Your analysis represented an increase in core damage frequency of 4.56E-8 per year.

Similarly, the NRC applied the recoveries, discussed in Items 4-9 above, to external

events when evaluating the lower range of the increase in core damage frequency for

the final significance determination. When including these recoveries, the NRC

estimated the increase in core damage frequency, from external events, as 5.0E-8 per

year.

In summary, we concluded that our preliminary risk assessment of 7.6E-6 per year represented

the upper range of the increase in core damage frequency associated with the performance

deficiency. Based on the information provided by your staff at the regulatory conference, the

NRC adjusted a number of assumptions used in the preliminary risk assessment to determine

the lower range of the increase in risk associated with the performance deficiency. Specifically,

the NRC adjusted the common cause alpha factors, the initiating events frequency for various

MLOCAs scenarios, and the assumption relative to the actuation of containment spray for a

MLOCA. The NRC also performed a variety of human error probability calculations to

determine the likelihood of recovering valve SI-2-8982B. Notably, the NRC adjusted the PSFs

for the mechanical and electrical recovery methods.

For the mechanical recovery method, the NRC applied the less risk significant Ergonomics -

Nominal PSF. The NRC continued to apply the Procedures - Incomplete PSF because, as

stated by your staff at the regulatory conference, instructions would need to be developed to

open the recirculation guard chamber and access valve SI-2-8982 during a LOCA event. The

NRC also continued to apply the Available Time - Nominal PSF for this recovery method.

Specifically, while your staff provided detailed information related to strategies to refill the RWST

and throttle ECCS flow, the NRC concluded the initial attempt to mechanically open

valve SI-2-8982B would occur prior to any procedurally driven action to refill the RWST or

throttle ECCS.

The NRC also considered information presented at the regulatory conference and concluded

that your staffs timeline represented recovery under ideal conditions. Using assumptions based

of the sequence of steps outlined in the EOPs and recognizing the uncertainty that

A-8

accompanies complex reactor events, the NRC concluded the available time to be less than five

times the time required for the human performance basic events.

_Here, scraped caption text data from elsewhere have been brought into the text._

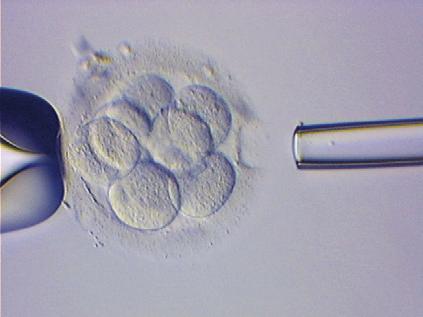 Embryobiopsie op dag 3 na de bevruchting: Bij een 6 tot 10-cellig embryo wordt er eerst met behulp van een laser een opening gemaakt in de mantel die zich rond het embryo bevindt.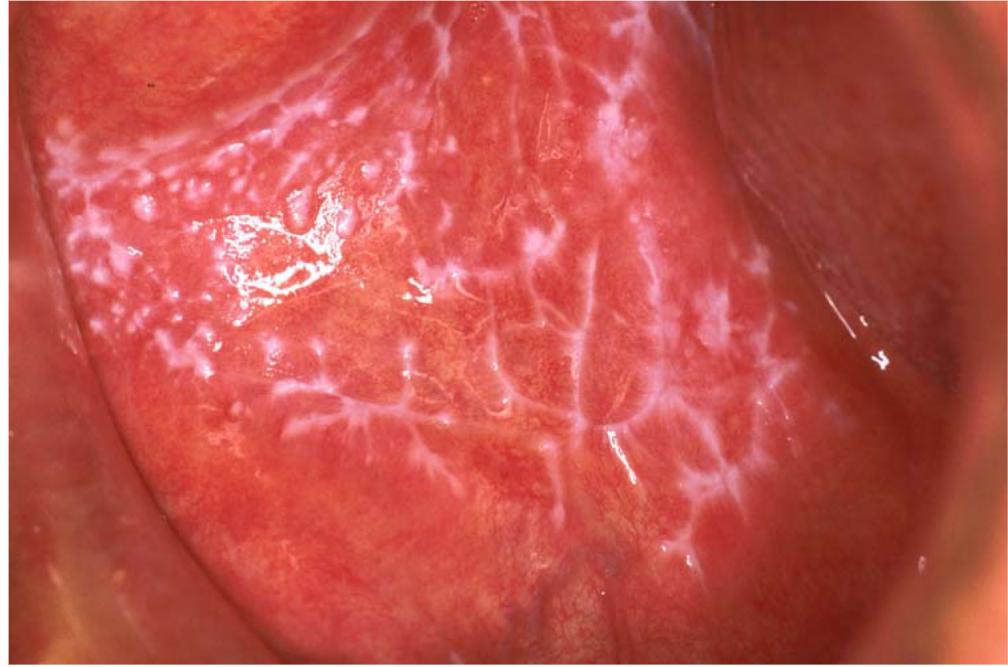 Reticular lesions of lichen planus on oral mucosa (European Association of Oral Medicine)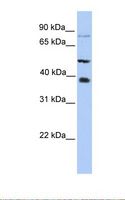 METTL2B Antibody - HepG2 cell lysate. Antibody concentration: 1.0 ug/ml. Gel concentration: 12%.  This image was taken for the unconjugated form of this product. Other forms have not been tested.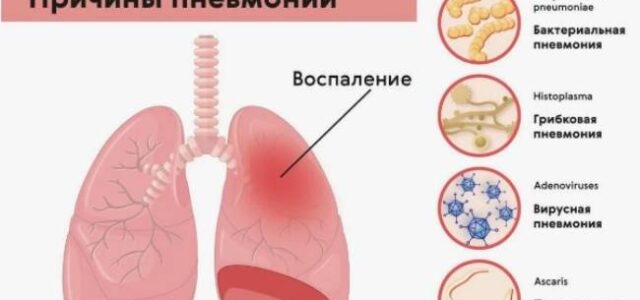 Что такое внебольничная пневмония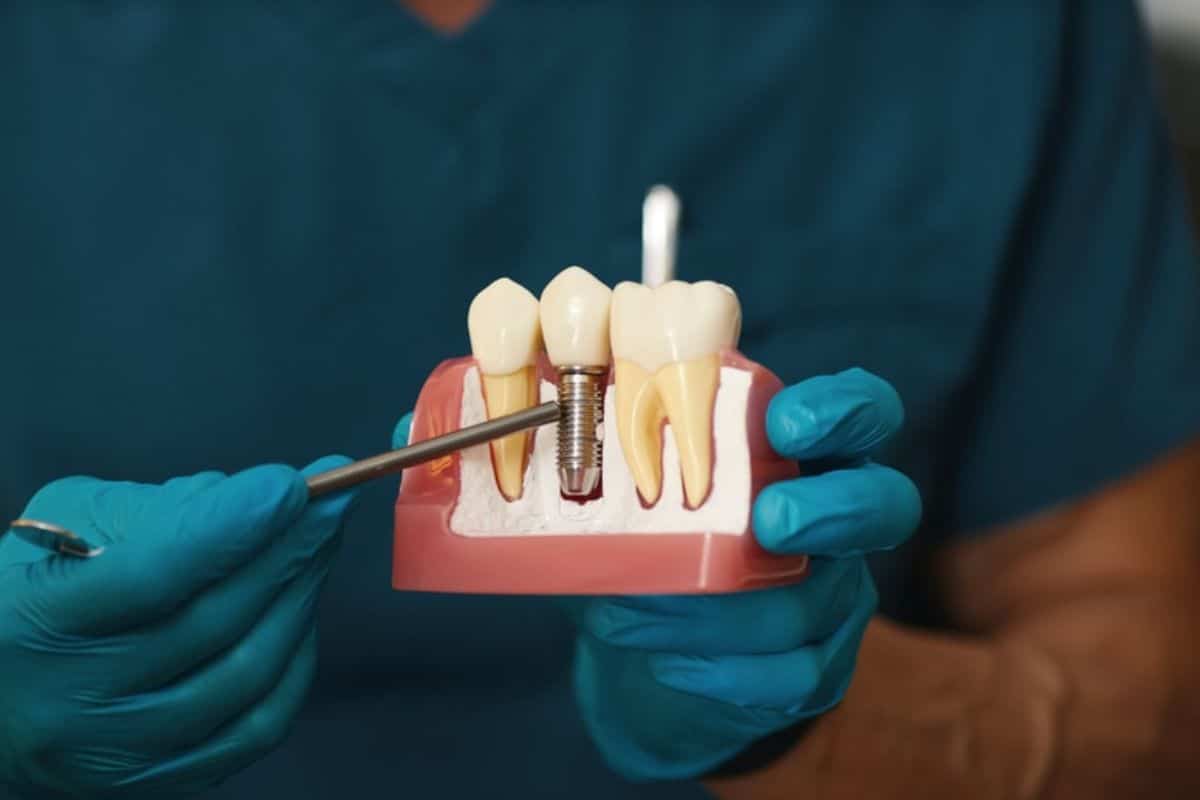 How to Prevent Infection After Implant Dentistry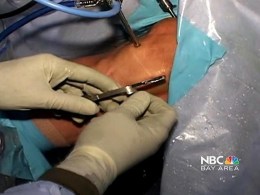 The Non-Bionic Knee Replacement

For the electrical recovery methods, the NRC applied the less risk significant Procedures and

Complexity PSF. The NRC also applied the more risk significant Available Time - Nominal

PSF for this recovery method. Specifically, the NRC staff reviewed the Diablo Canyon Power

Plant EOPs and identified that application of the electrical recovery method would not occur

first, as assumed in the preliminary risk assessment. Instead, the NRC staff concluded that the

EOP procedure structure would direct this action after the mechanical recovery method failed

but before action is taken to refill the RWST and throttle ECCS flow. Recognizing the

uncertainty that accompanies complex reactor events, the NRC concluded the available time to

be less than five times the time required for the human performance basic events.

The results of these calculations, which removed much of the conservativism from the

assumptions used in the preliminary risk assessment, predicted a high likelihood of success

(96.4 percent success) for recovering valve SI-2-8982B. Using these assumptions, the NRC

concluded the lower range of increase in core damage frequency associated with the

performance deficiency to be 1.3E-6 per year. Because the NRCs calculated lower and upper

estimations of increase in core damage frequency of the performance deficiency were both

greater than 1.0E-6 but less than 1.0E-5, the NRC determined the finding was of low to

moderate safety significance (White).